Re: agcount for 2TB, 4TB and 8TB drives

Avi Kivity <avi@xxxxxxxxxxxx> · Mon, 16 Oct 2017 13:00:32 +0300

On 10/16/2017 01:00 AM, Dave Chinner wrote:
On Sun, Oct 15, 2017 at 12:36:03PM +0300, Avi Kivity wrote:

On 10/15/2017 01:42 AM, Dave Chinner wrote:
On Fri, Oct 13, 2017 at 11:13:24AM +0300, Avi Kivity wrote:
On 10/11/2017 01:55 AM, Dave Chinner wrote:
On Tue, Oct 10, 2017 at 12:07:42PM +0300, Avi Kivity wrote:
On 10/10/2017 01:03 AM, Dave Chinner wrote:
On 10/09/2017 02:23 PM, Dave Chinner wrote:
On Mon, Oct 09, 2017 at 11:05:56AM +0300, Avi Kivity wrote:
Sure, that might be the IO concurrency the SSD sees and handles, but
you very rarely require that much allocation parallelism in the
workload. Only a small amount of the IO submission path is actually
allocation work, so a single AG can provide plenty of async IO
parallelism before an AG is the limiting factor.
Sure. Can a single AG issue multiple I/Os, or is it single-threaded?
AGs don't issue IO. Applications issue IO, the filesystem allocates
space from AGs according to the write IO that passes through it.
What I meant was I/O in order to satisfy an allocation (read from
the free extent btree or whatever), not the application's I/O.
Once you're in the per-AG allocator context, it is single threaded
until the allocation is complete. We do things like btree block
readahead to minimise IO wait times, but we can't completely hide
things like metadata read Io wait time when it is required to make
progress.
I see, thanks. Will RWF_NOWAIT detect the need to do I/O for the
free space btree, or just contention? (I expect the latter from the
patches I've seen, but perhaps I missed something).
No, it checks at a high level whether allocation is needed (i.e. IO
into a hole) and if allocation is needed, it punts the IO
immediately to the background thread and returns to userspace. i.e.
it never gets near the allocator to begin with....
Interesting, that's both good and bad. Good, because we avoided a
potential stall.

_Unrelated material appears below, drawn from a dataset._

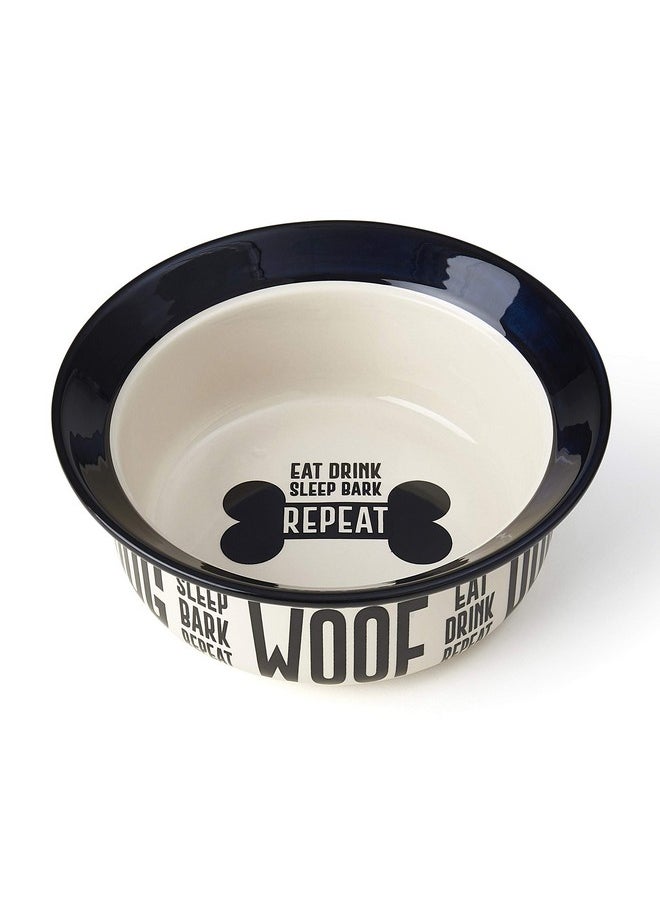 PetRageous - 17001 Eat Drink Repeat TwoTone Stoneware Dishwasher Safe Dog Bowl 4Cup 8.18Inch Diameter 3Inch Tall For Medium And Large Dogs And Cats, OffWhite, (Pack Of 1) - Image 1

Bad, because if the stall would not actually have
happened (lock not contended, btree nodes cached) then we got punted
to the helper thread which is a more expensive path.
Avoiding latency has costs in complexity, resources and CPU time.
That's why we've never ended up with a fully generic async syscall
interface in the kernel - every time someone tries, it dies the
death of complexity.

RWF_NOWAIT is simple, easy to maintain and has, in most cases, no
observable overhead.

There is no observable overhead in the kernel, but there will be some 
for the application. As soon as we cross a hint boundary writes start to 
fail, and the application needs to move them to a helper thread and 
re-submit them. These duplicate submissions happen until the helper 
thread is able to respond, and the first write manages to allocate the 
space.

Without RWF_NOWAIT, there are two possibilities: either you get lucky 
and the first write to cross the boundary doesn't block, or you get  
unlucky and you stall. There's no doubt that RWF_NOWAIT is a lot better, 
but it does cause the system to do some more work. I guess it can be 
amortized away with larger hints.

In fact we don't even need to try the write, we know that every
32MB/128k = 256 writes we will hit an allocation. Perhaps we can
fallocate() the next 32MB chunk while writing to the previous one.
fallocate will block *all* IO and mmap faults on that file, not just
the ones that require allocation. fallocate creates a complete IO
submission pipeline stall, punting all new IO submissions to the
background worker where they will block until fallocate completes.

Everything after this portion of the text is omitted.